- [Exercise]
Find the line with "May the leaves" in the records below. Output exactly from there until after the line with "Front view of", without pictures.

- [Source information]
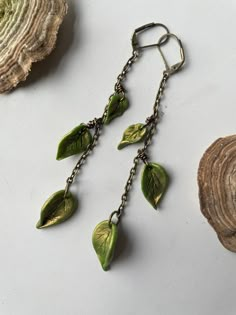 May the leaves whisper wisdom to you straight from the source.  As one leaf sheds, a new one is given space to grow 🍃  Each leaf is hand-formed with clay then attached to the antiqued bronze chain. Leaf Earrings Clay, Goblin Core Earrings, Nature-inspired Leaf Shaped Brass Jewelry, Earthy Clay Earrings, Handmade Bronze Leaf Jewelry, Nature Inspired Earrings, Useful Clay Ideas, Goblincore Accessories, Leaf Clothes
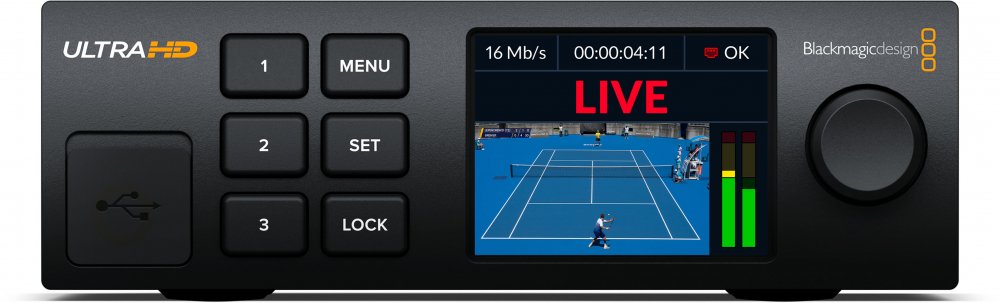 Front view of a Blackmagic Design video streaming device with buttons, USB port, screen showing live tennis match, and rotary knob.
...
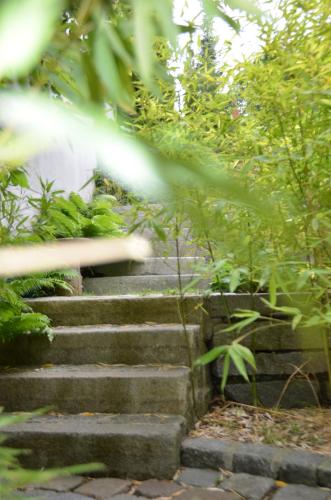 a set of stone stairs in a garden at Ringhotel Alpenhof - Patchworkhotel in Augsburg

- [Task response]
 May the leaves whisper wisdom to you straight from the source.  As one leaf sheds, a new one is given space to grow 🍃  Each leaf is hand-formed with clay then attached to the antiqued bronze chain. Leaf Earrings Clay, Goblin Core Earrings, Nature-inspired Leaf Shaped Brass Jewelry, Earthy Clay Earrings, Handmade Bronze Leaf Jewelry, Nature Inspired Earrings, Useful Clay Ideas, Goblincore Accessories, Leaf Clothes
 Front view of a Blackmagic Design video streaming device with buttons, USB port, screen showing live tennis match, and rotary knob.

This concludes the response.